Oh right, that thing called "cake"

has appeared on the menu in the Clan Cat house. 
I rarely make cake. We eat very little of it. I did not make this cake. 
I went out with Middle Cat yesterday. I needed something from a place inaccessible by tricycle and she was going that way. Offered the opportunity I, unwisely, agreed. I say "unwisely" because travelling with Middle Cat always involves more time than I have to spare and, on this occasion,  it also involved money I should not have spent - the cake.
We did the essential shopping for me. Middle Cat did some essential shopping for the go-kart repairs for my BIL and the Nephew Cats. Then she decided we needed to find a place which was selling macaroons. It was not open. That did not deter her. She wanted a salted-caramel macaroon. Oh, she also needed milk. Right. We headed on to the supermarket. "They have macaroons there - smaller and you have to buy the box but I really, really want one." Yes dear.

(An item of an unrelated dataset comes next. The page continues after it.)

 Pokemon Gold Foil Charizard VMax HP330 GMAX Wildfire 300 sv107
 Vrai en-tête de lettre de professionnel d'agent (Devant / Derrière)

And so we go hunting in the supermarket  in the section I usually ignore completely - the cake and biscuit and bun bit. She found the macaroons. 
And there was the cake. "The Senior Cat loves that," she tells me. I eye it off. Yes, I do remember him reminiscing about "Napoleon Cake" - the version of a state wide bakery. I eye it off again. 
It consists of a layer of pastry. This is followed by a thin smear of "jam". (I am not sure whether it is supposed to be strawberry or raspberry.) After that comes a layer of "cake" - of super sweet sponge like taste and consistency. Then there is another layer of "jam", another layer of pastry. The "piece de resistance" is a layer of pink icing topped with coconut.
I am not  sure what all this really is but it does not fit the definition of "cake" in my book. Against my better judgment we buy it. We take it back and present it to the Senior Cat. 
"Ooh Napoleon cake. I haven't had that for years." (This is true.)
No, Middle Cat did not want any. She has her salted caramel macaroon. 
So, we left it until "teatime" and I cut two slices then. It was, as I suspected, overly sweet. It was edible but I did not care for it. The Senior Cat ate his slice even more slowly. He had a far away look on his face. I knew he was remembering other things - things he associated with eating that particular sort of cake. No, he didn't want a second slice right then.
I wrapped the cake up tightly to keep it fresh.
"It was nice of you both to get it but it was rather sweet," the Senior Cat told me, "I think I prefer the sort you make."
Is it any wonder I love the Senior Cat?